Tony’s not really an outlier in the Texas GOP, though. His party’s platform in 2016 called upon all legal authorities in the state to “to ignore and refuse to enforce any and all federal statutes, regulations, executive orders, and court rulings, which would deprive an unborn child of the right to life.” The gathering of conservatives that wrote the platform also said homosexuality was a “chosen behavior.”

The room, it grows darker.

Cowards of the First Kind

What kind of weinie creeps up to a place of worship and sets it alight in the dark of the night? A handful of hours after the current president of this country signed an Executive Order banning immigrants from seven Islamic nations, the Islamic Center of Victoria burned to the ground. Sure, just a coincidence.

Investigators won’t say it was arson. Yet. The Islamic Center of Lake Travis, which was under construction, also burned to the ground just three weeks previous. Nobody is saying that is arson. Yet. Two in one month. These things happen. Sure. In Victoria, in a matter of a few days, residents raised $900,000 for reconstruction, and the Lakeway community had donated $50,000 for that rebuild.

Texan pro tip: Freedom of religion does not mean you are free to practice just Christianity.

Tex-Pats

He writes in front of an old wood stove in the downstairs corner of a giant former monastery on a hill with a glancing view of Saranac Lake in upstate New York. I know how he got there but I still struggle to understand. Paul Willcott’s a Beaumont fella, son of a pipefitter, who over-compensated his upbringing by earning four degrees from the University of Texas, including a PhD. in foreign language education and a law degree.
We met more than 40 years ago when he was running with his head down and his hands held too low as he passed rows of Washington Palms in South Texas, trying to be a competitive age group athlete while teaching English composition. I couldn’t make him a better runner but I’ve never known a better man. You should read his reminiscences on Texas and his edgy thinking on our times and what besets the human condition in 2017. Paul thinks of himself as a geezer blockhead.
I think of him as one of the greatest friends anyone might ever have. And his wife Ann is considerably more interesting than he is.

Texana

More quiet brilliance gone largely unnoticed? Consider the work of Robert McEntee, yet another Austin musician who writes and sings like a man who ought to be celebrated “from the rocky coast of Maine to the sunny shores of California.” McEntee traveled and performed with the late Dan Fogelberg and his tribute to his bandmate, “Over Peoria,” is as soulful and touching as Steve Earle’s “Fort Worth Blues,” an homage to the maestro Townes Van Zandt.

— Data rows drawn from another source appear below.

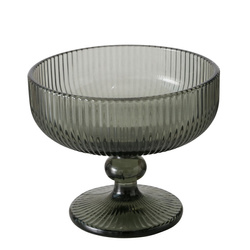 Ribbed desszert- és fagyis tál, zöld üveg, Ø 12 cm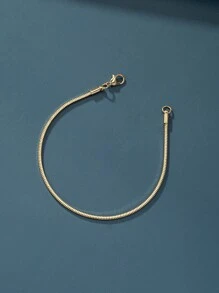 時尚流行1入組時尚簡約男士手鍊日常裝飾銅首飾禮物和時尚外觀 - 金黃色 - 查看 2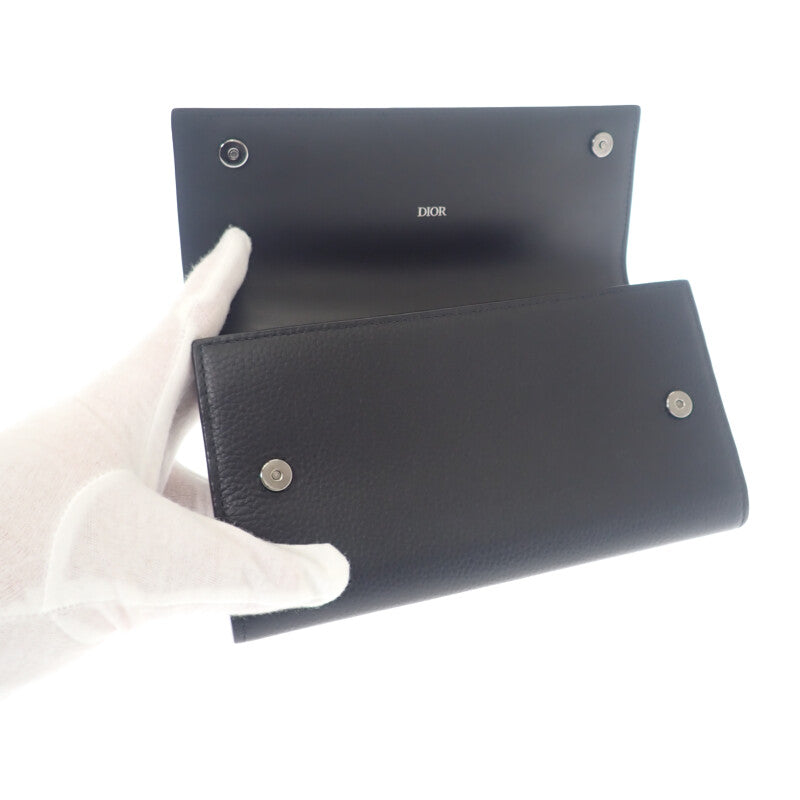 ディオール Dior ロングフラップウォレット 2ESBC312CDI_H00N 長財布 カーフ ブラック シルバー金具 メンズ レディース【中古】【ABランク】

McEntee’s 2007 release of “Holding Out Hope” sounds like he wrote it in anticipation of the Trump presidency or because of the Bush administration. Regardless, it is a lament for our time. A few verses:

“Where are the men who brought this fate upon us now?
Hiding in their pensioned estates
Oh that justice might be done, someday in America
Until then we’ll just have to cope
That the day comes soon, I’m holding out hope

“Stand up stand up and witness what’s before you
Know ’em by their deeds, and not their words
And then watch ’em walk away, like nothing ever happened
They’ll hang themselves given the rope
That they don’t hang us first, I’m holding out hope”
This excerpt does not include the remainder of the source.